2013年05月13日 | Weblog
 いやーっ!びっくりしましたよ!また、びっくりしたのかって?ま、びっくりすることが多いのですがね。
 小学2年生国語の教科書に、「因幡の白ウサギ」が載っています。教科書に、神話が取り上げられることになったのは…神話は古事記や日本書紀などにある古代日本の物語で、その時代の人々の生活や考え方を伝える貴重な遺産。ところが、戦後の学校教育では軽視されてきた。自国の伝統文化に親しみ、誇りを持てる教育を実践する…と、まあこんなわけで「因幡の白ウサギ」が登場してきたのですがね。

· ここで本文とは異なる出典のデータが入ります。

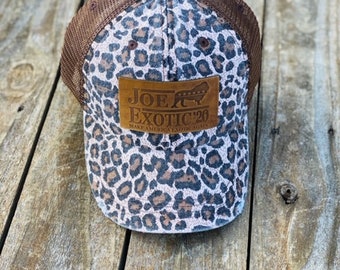 Joe Exotic Cap - Etsy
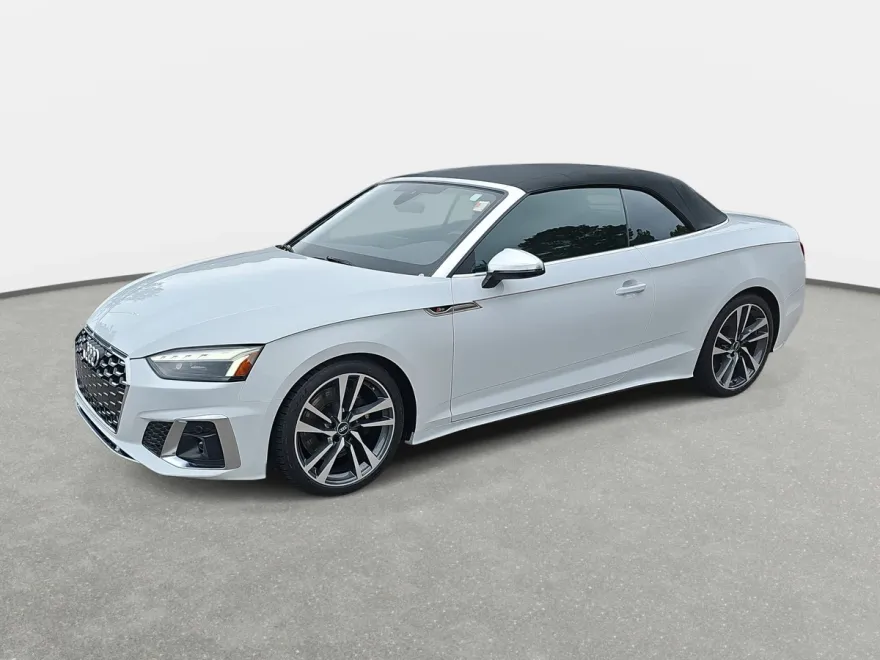 2022 Audi S5 Premium photo 1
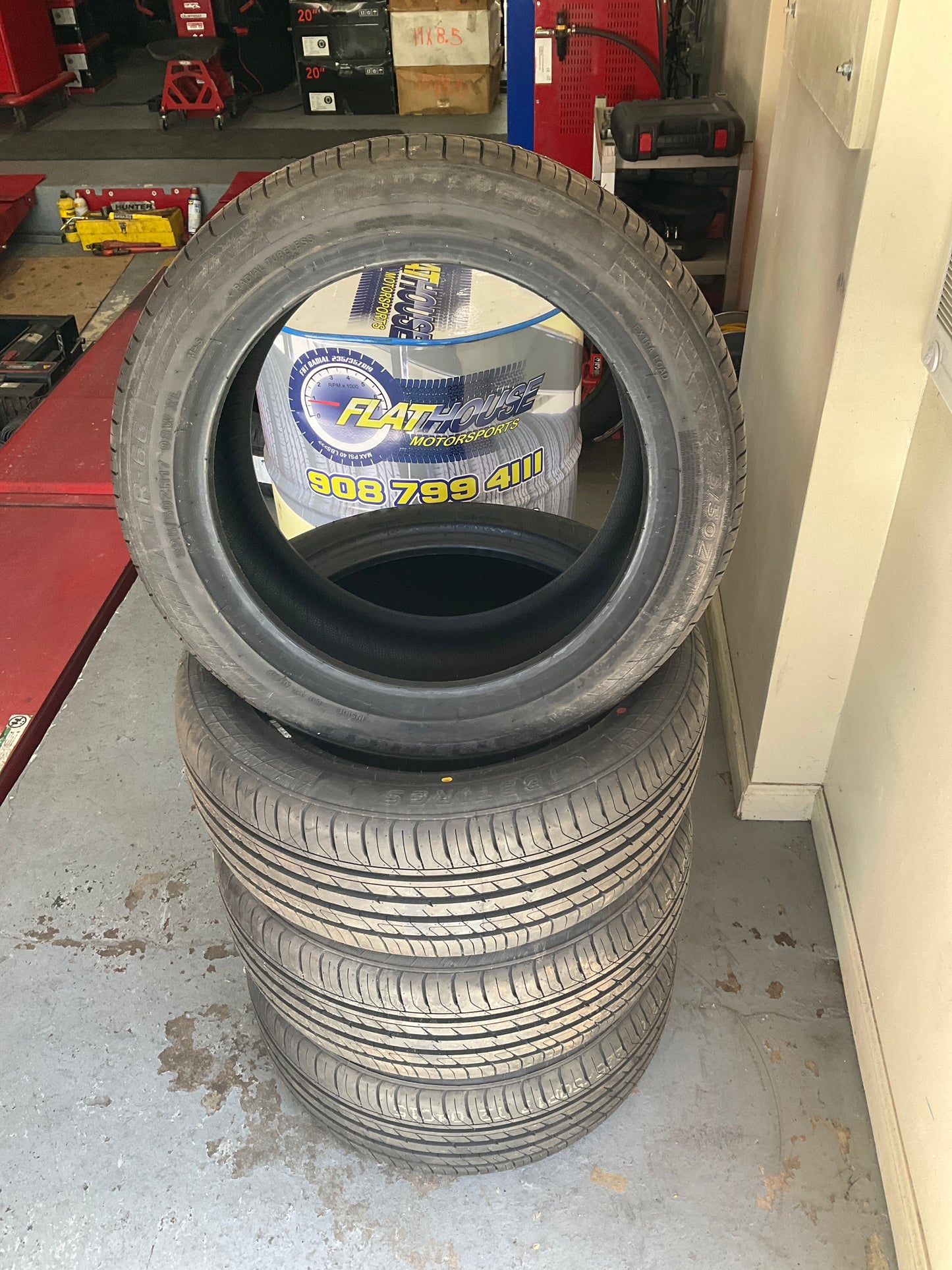 225/50R17 TBB TR-66 98W XL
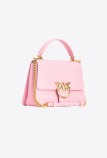 LOVE ONE TOP HANDLE CLASSIC LIGHT BAG PINKO 100066-A0F1-P31Q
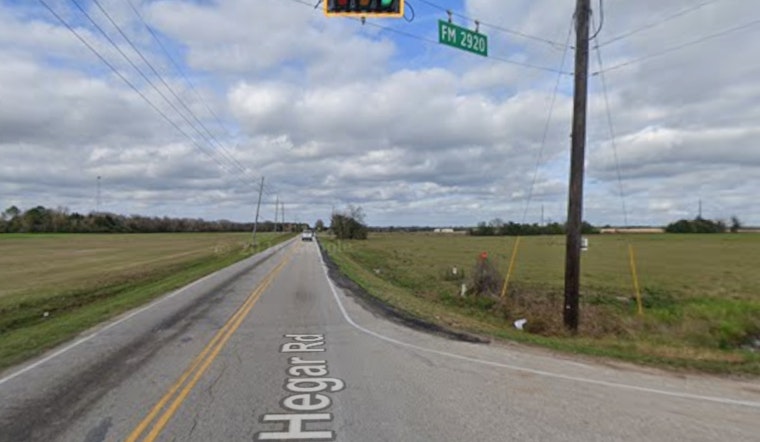 Child Killed On Busy FM 2920 Stretch In Northwest Harris County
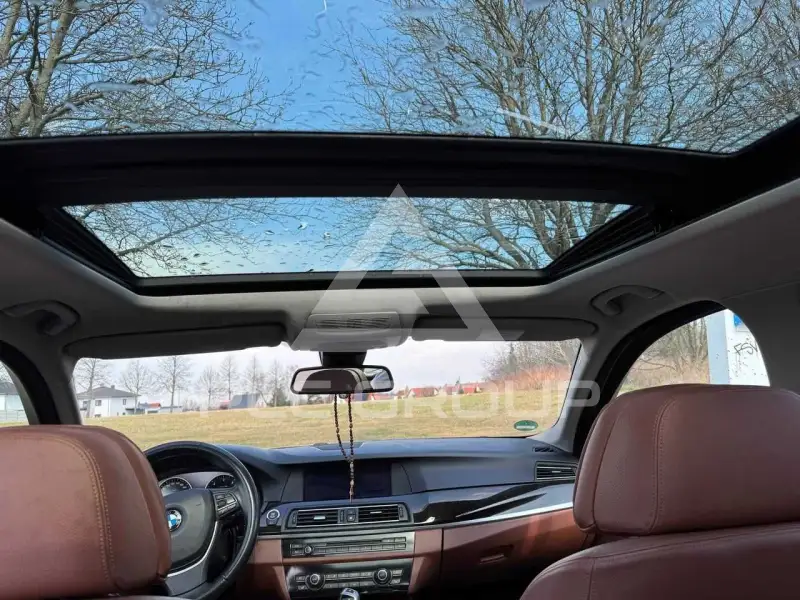 2012 BMW 525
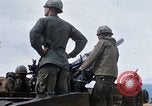 Image of US Soldiers filling sandbags during Operation Somerset Plain Vietnam, 1968, second 22 stock footage video 65675026847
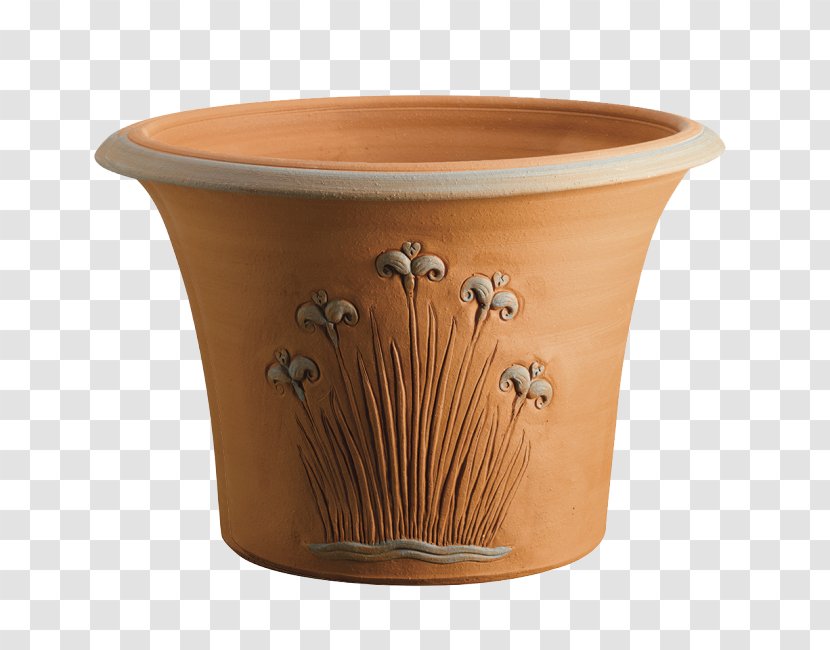 Flower In Vase - Earthenware - Artifact Plant Transparent PNG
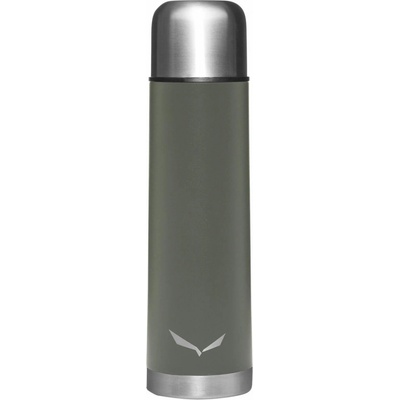 Salewa Rienza Thermo Stainless Steel Bottle dark olive 1 l
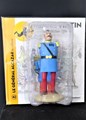 Figurines Tintin - Nr. 42 - Le Général Alcazar en uniforme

 ストーリーについては、説明するまでもないのですが…大事な部分だけでも。

 白ウサギの語り・・・「私は、隠岐の島に住んでいたのですが、一度この国に渡ってみたいと思って泳がないで渡る方法を考えていました。するとそこにワニ(サメ)がきたので、私は彼らを利用しようと考えました。
 私は、ワニに自分の仲間とどっちが多いか比べっこしようと話をもちかけました。ワニたちは私の言うとおりに背中を並べはじめて、私は数を数えるふりをしながら、向こうの岸まで渡っていきました。しかし、もう少しというところで私はうまく騙せたことが嬉しくなって、つい、騙したことを言ってしまいワニを怒らせてしまいました。その仕返しに私はワニに皮を剥がれてしまったのです・・・」

 どうですか!びっくりでしょう!「ワニ」と書いていますが、わざわざ括弧内に「サメ」と書いてある。サメをワニと呼ぶ国は世界中さがしてもどこにもない。もちろん日本にもない。あるのは、日本の小2の国語の教科書にだけ。挿絵には、「並んだサメの背」をピョンピョンと跳ぶ白ウサギが!どうなってんだ一体?教科書検定が通った?どんな知識の人が検定を通したんだろう?

 あ、あのね!「因幡の白兎」に出て来るのは、「ワニ」ですから!「サメ」ではありません。
 えっ?因幡(鳥取県)にワニがいるのかって?ではおうかがいしますが、鳥取県に、隠岐の島から本土まで並ぶほどのサメがいるのですか?

 私が「因幡の白ウサギ」に出てくるのは、サメではなくワニだとする根拠は、本居宣長です。「古事記伝」で、はっきりと、「ワニ」だと書いている。因幡の白兎は、明らかに南方から伝播した説話が大国主命の話に入ったものです。インドネシアには「鼠鹿(ねずみじか:原始的な鹿のなかま)と鰐(ワニ)」の話があり、「因幡の白兎」のお話しと全く同じです。

神話等についての正しい指導が行われ、郷土や自然を尊び、世界の人々との心の繋がりができるような教育を目指した教科書…ワニとサメを取り違えて、「正しい指導」はないでしょう。